A talented young core of Josh Johnson, Hanley Ramirez, and Giancarlo Stanton was bolstered by the additions of key free agents Jose Reyes, Mark Buehrle, and Heath Bell. A high-profile makeover that included new uniforms, a splashy new stadium, and the acquisition of manager and King of the Soundbite Ozzie Guillen seemed to portent a rebirth in South Florida.

But early success yielded to the same old story, as a disastrous June (when the team went 8-18) pushed the Marlins out of contention for good. By the time the smoke had cleared, the Marlins had pulled off a mini-fire sale (that wasn't actually a fire sale) and began fielding a team of scrubs whose names remain a mystery to most of us.

The team was so unwatchable that Showtime decided it would rather not air an eighth episode of The Franchise, though no one could blame the network for trying to rid itself of the stinky fish smell that were the 2012 Marlins.

Mistakes were made: Little did the Marlins know that Bell would morph into a pumpkin, while Ramirez would remain inexplicably average and make his fantastic 2009 season seem like a distant memory.

Indeed, the two biggest free agents that the Marlins for whom the Fish decided not to break the bank, Prince Fielder and Yoenis Cespedes, had admirable seasons and put up the kinds of numbers that might have given this speech a decidedly different tone.

The numbers paint a clear picture of this team's shortcomings. A disastrous bullpen (with 20 blown saves as of this writing), untimely hitting (the team is slashing a paltry.236/.325/.361 with RISP), and the injury bug all played a role in the Marlins' demise. There are no scapegoats on this team. With few exceptions (cough, Giancarlo Stanton, cough), practically everyone is to blame for the debacle of 2012.

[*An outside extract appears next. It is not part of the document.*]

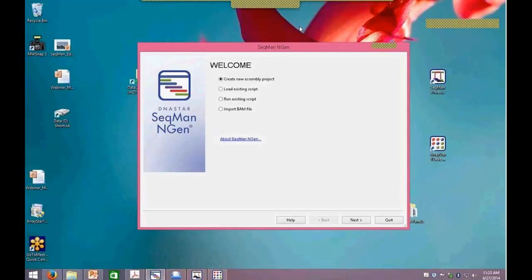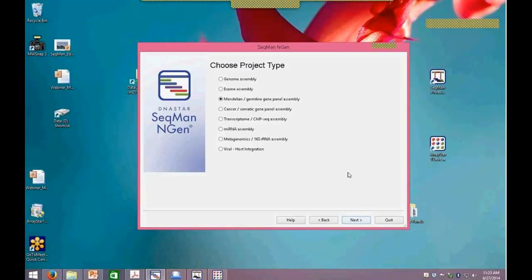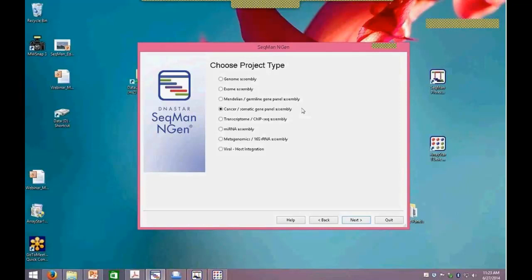Once you have the assembly run, you can do the analysis in ArrayStar or SeqMan Pro on your regular laptop or desktop computer. We start by creating a new assembly project. For those familiar with the software, you can see we have a couple of new workflows. We distinguish between a Mendelian and a cancer or somatic gene panel assembly. The difference is primarily in the SNP calling — we're expecting SNPs in different ratios, and it sets different defaults depending on the expectation with the variants observed.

Mudslinging time: Underperforming free-agent acquisitions like Bell, John Buck (a 2011 signee who waited until September to bring his batting average above the Mendoza line), and Reyes (a .349 OBP is not what Loria paid $100 million for) have led Marlins fans to do what was once unthinkable ... question the aptitude of team president Larry Beinfest.

The man who once turned Antonio Alfonseca into Dontrelle Willis and Juan Pierre into Ricky Nolasco has made plenty of missteps as of late, so much so that he could be looking for a new job this winter.

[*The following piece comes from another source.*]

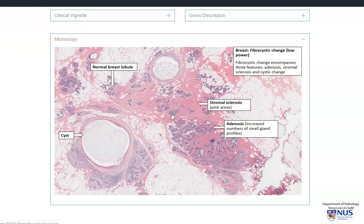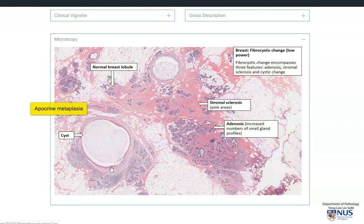Histologically, we would usually see three main changes. We can see the formation of cysts, as you can appreciate here. The cysts may be lined by flattened epithelial cells, or in this instance the cells are quite pink, and this is evidence of metaplastic change known as apocrine metaplasia. This is very common in the cyst lining cells in fibrocystic change.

Hope for the future: No figure became more of a lightning rod for criticism than our former franchise centerpiece, Hanley Ramirez, and for good reason. When the team decided it was no longer worth it to pay H2R $15 million for an OPS+ of 102, plenty of us cheered. Sure, the team could only garner some iffy prospects in return for Ramirez, but the money saved by not paying his salary for the next two years will hopefully allow the team to retool its roster yet again this winter.

As bleak as things look now, it is difficult to be too pessimistic when we still have Señor #Monsterdong himself (Stanton) to build around (not to mention Johnson and Reyes). Besides helping to draw more than two million fans for the first time since 1997, the Marlins' shiny new stadium gives the team the financial flexibility to actually spend money for the second straight winter.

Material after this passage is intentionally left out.